Le lacrime di delusione per i sogni sfumati contro Ajax, Barcellona e Arsenal e quelle di gioia per la cavalcata Champions di Guidolin: l’8 maggio 2011 finì 2-1

UDINE. È notte alta e sono sveglio. Come Eduardo De Crescenzo, quello di Ancora. Ancora calcio giocato, la stagione non è finita. Colpa della Copa America. Brasile a casa, Piris e il Paraguay in semifinale: la lotteria dei rigori tra gli sbuffi e una russata, poi la diretta tv passa la linea a una replica.

Sullo schermo c’è Totò Di Natale. Racconta la stagione della prima Champions dell’era Guidolin. Ancora. Sì, ancora un’altra ora davanti allo schermo piatto nel cuore della notte, perché quella primavera di quattro anni fa è davvero indimenticabile e culmina con lo scontro diretto che timbra il passaporto europeo: 8 maggio 2011, Udinese-Lazio 2-1.

Meglio questa di altre notti di coppe e di campioni (cit.) comunque vibranti. Perché chiuse con una lacrima sul campo. Il 4 novembre ’97 contro l’Ajax. O l’8 dicembre di otto anni dopo, col Barcellona.

Oppure il 24 agosto 2011, tre mesi dopo la sfida alla Lazio, quando l’Arsenal sbarrò il passo ai bianconeri. Ajax, Barça, Arsenal, che cacciabombardieri, che incrociatori da combattimento: mica poco per una “pilotina” del placido mare nostrum, del calcio italiano.

È quello che Pozzo può mettere sul piatto. «Ho vinto solo l’Intertoto, ma vi ho portato qui la crema dell’europallone e adesso vi restauro pure il teatro di un sogno».

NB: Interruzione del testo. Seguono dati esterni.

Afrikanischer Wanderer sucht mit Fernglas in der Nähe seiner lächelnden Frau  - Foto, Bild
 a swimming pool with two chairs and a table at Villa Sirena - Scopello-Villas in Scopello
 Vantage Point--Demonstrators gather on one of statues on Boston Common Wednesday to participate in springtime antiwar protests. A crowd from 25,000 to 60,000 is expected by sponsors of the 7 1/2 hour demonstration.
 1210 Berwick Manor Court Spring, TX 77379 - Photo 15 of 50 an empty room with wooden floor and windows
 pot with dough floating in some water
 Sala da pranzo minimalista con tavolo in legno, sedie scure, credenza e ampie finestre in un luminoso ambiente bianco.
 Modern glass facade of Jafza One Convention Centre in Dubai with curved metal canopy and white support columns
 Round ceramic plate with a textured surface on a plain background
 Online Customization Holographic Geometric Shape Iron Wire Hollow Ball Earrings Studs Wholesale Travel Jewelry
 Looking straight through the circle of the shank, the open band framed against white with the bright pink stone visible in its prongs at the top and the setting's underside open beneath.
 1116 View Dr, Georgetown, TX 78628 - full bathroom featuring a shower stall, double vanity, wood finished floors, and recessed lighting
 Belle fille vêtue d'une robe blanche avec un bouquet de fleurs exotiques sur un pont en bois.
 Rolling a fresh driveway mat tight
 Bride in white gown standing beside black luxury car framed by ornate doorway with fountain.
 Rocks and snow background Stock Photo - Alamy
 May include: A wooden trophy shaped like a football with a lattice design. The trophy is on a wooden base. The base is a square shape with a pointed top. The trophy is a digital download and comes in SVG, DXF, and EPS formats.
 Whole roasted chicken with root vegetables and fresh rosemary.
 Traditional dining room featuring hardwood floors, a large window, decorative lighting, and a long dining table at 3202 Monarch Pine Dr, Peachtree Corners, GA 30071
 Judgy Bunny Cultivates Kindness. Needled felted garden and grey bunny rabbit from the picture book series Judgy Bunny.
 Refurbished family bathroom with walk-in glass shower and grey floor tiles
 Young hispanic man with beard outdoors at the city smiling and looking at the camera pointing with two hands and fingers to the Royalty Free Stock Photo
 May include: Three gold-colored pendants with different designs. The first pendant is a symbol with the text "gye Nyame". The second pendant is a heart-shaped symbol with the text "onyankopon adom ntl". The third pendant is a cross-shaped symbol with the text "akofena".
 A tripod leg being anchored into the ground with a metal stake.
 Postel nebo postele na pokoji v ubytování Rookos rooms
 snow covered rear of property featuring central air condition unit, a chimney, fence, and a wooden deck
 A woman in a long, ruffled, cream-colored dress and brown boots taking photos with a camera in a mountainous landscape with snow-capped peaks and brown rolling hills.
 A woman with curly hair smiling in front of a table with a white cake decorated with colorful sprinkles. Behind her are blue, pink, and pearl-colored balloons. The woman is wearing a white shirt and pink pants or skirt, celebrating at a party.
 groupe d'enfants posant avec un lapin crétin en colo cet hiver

Ecco il messaggio firmato dal nostro paròn. Grazie. Ma guardando le immagini di quella lunga cavalcata della magica primavera del Guido, restano nella testa, impresse poi nella memoria, le spalle dei bianconeri che corrono verso la curva per ringraziare i tifosi dopo l’ennesima vittoria.

Numeri e nomi. Soprattutto nomi. Peschiamo un po’ nel gruppo: Handanovic, Benatia, Zapata, Isla, Asamoah, Sanchez, Di Natale: quel giorno di maggio mancava Inler, ma importava poco o nulla, visto che in panchina Guidolin non pescò neppure Cuadrado o Denis.

Adesso scrutando con attenzione l’orizzonte che sarà tutto del “nostromo Colantuono” non vediamo neppure poche gocce dello stesso talento, soltanto le ultime fiammate di grandi campioni come Totò e uomini di calcio come Pinzi.

In definitiva è quella la grande preoccupazione di questi giorni caldi di mercato: fa pensare non vedere recapitare da Gino Pozzo, il dottor Livingstone dell’Udinese – si noti la scelta dell’esploratore inglese in onore della nuova frontera Watford –, altri talenti all’altezza del passato in Friuli.

Perché, in definitiva, chi erano tutti quei bianconeri prima dei giocare sotto l’arco dei Rizzi se nond ei “signori nessuno”? Chi erano Sanchez e Isla? Qui da noi diventarono un’oliatissima “catena di destra”fatta tutta in Cile. Il Niño Maravilla per El Huaso: cross e dopo 42 minuti di quella Udinese-Lazio Di Natale mette dentro una doppietta 2-0. Poi tanta Lazio, tanta sofferenza.

Flash. Angella stende Rocchi, Benatia si dispera mentre il super arbitro Rizzoli estrae il cartellino rosso. Espulsione e penalty.

Ma chi era Handanovic prima di approdare all’Udinese? È qui che è diventato il pararigori conosciuto in tutta Europa. Pernacchia di Zarate da dischetto e via a difendere il vantaggio per gli ultimi 22 minuti, a rendere inutile il gol di Kozak e reale la disperazione del “nemico” Edy Reja.

Sorpasso sulla Lazio. Che partita. Quasi una buonanotte ai sognatori con i tempi che corrono.